# Stored data:
============

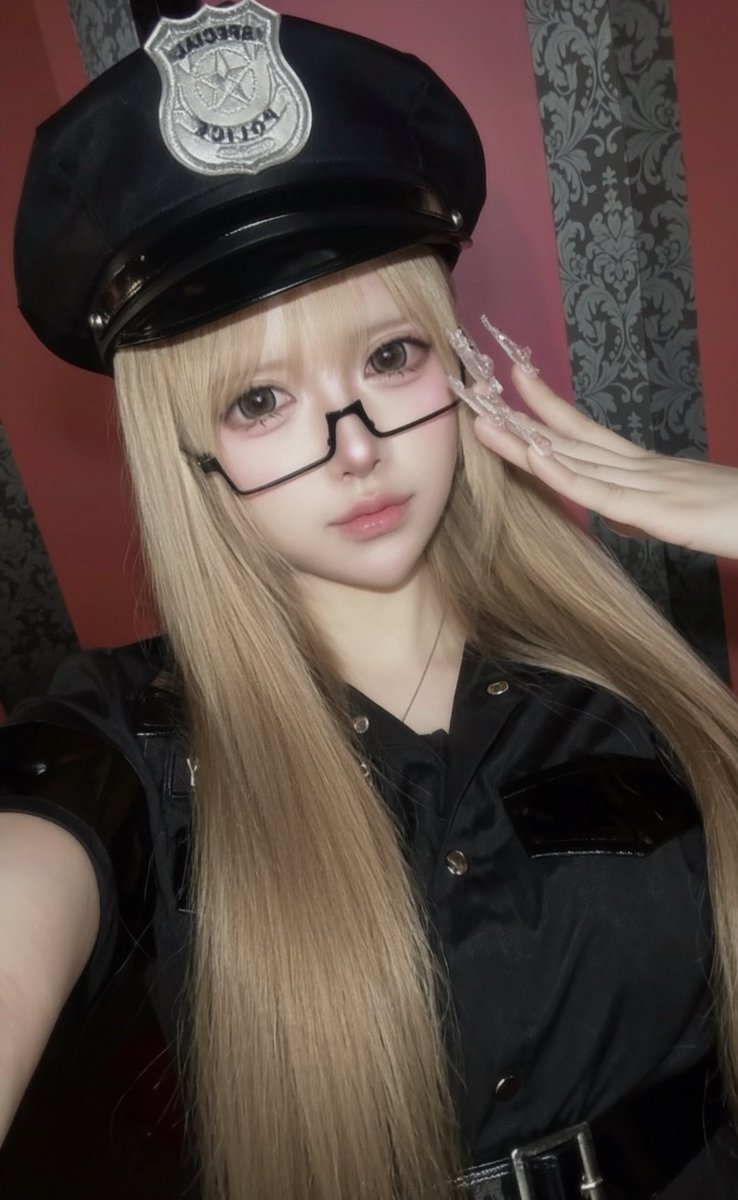 jvf_sq's tweet photo. 捕まえられたい人〜？ https://t.co/5Gb0sG1Jbe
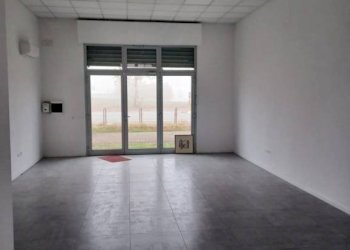 Interno non residenziale - Negozio via Emilia, 174B, Anzola dell'Emilia - foto 2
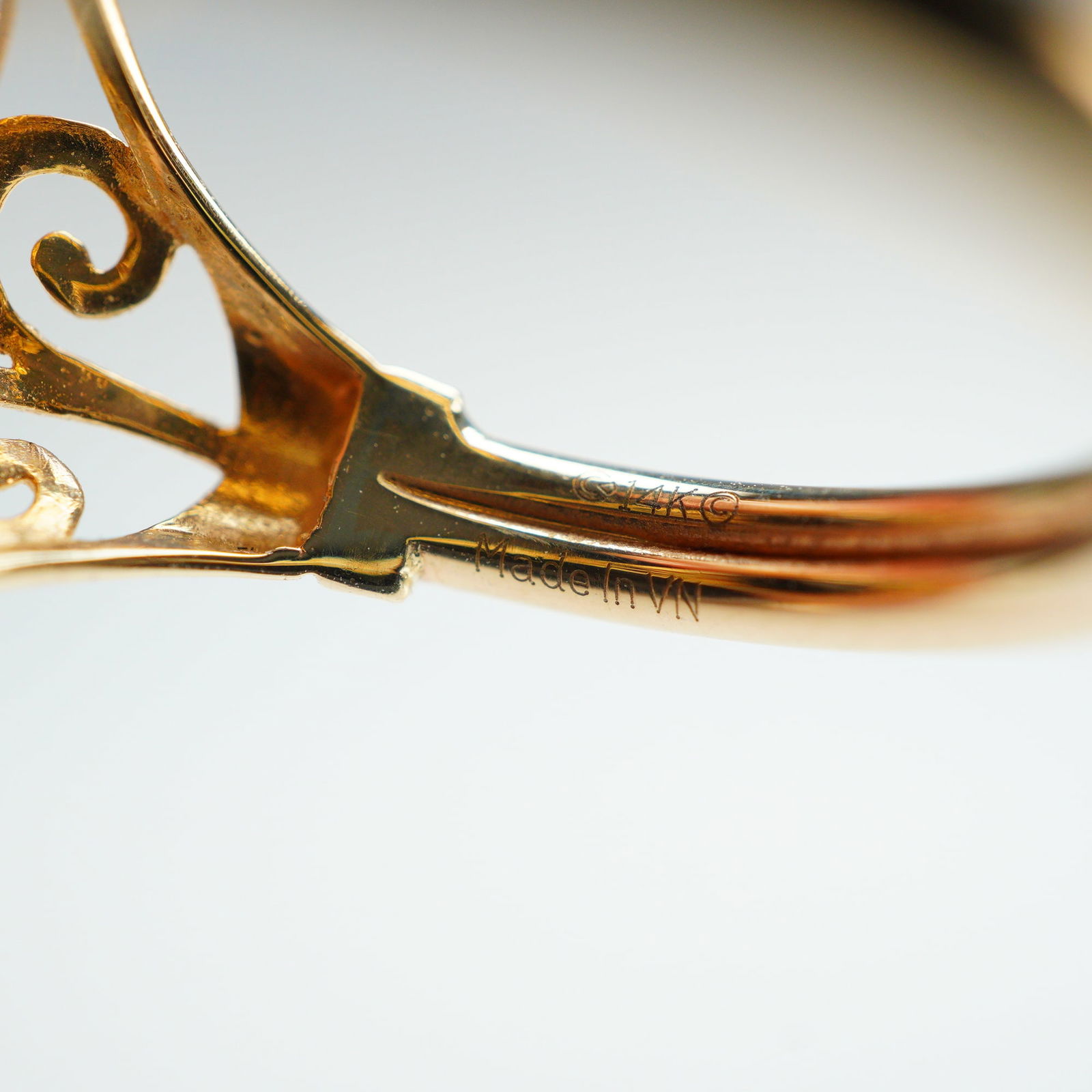 14K Gold Oval Onyx Scrollwork Ring - 6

============

# Assignment:
Begin at the line containing "Interno non residenziale" and write out every line to the end of the data exactly. Skip the pictures.

# Result for this exercise:
 Interno non residenziale - Negozio via Emilia, 174B, Anzola dell'Emilia - foto 2
 14K Gold Oval Onyx Scrollwork Ring - 6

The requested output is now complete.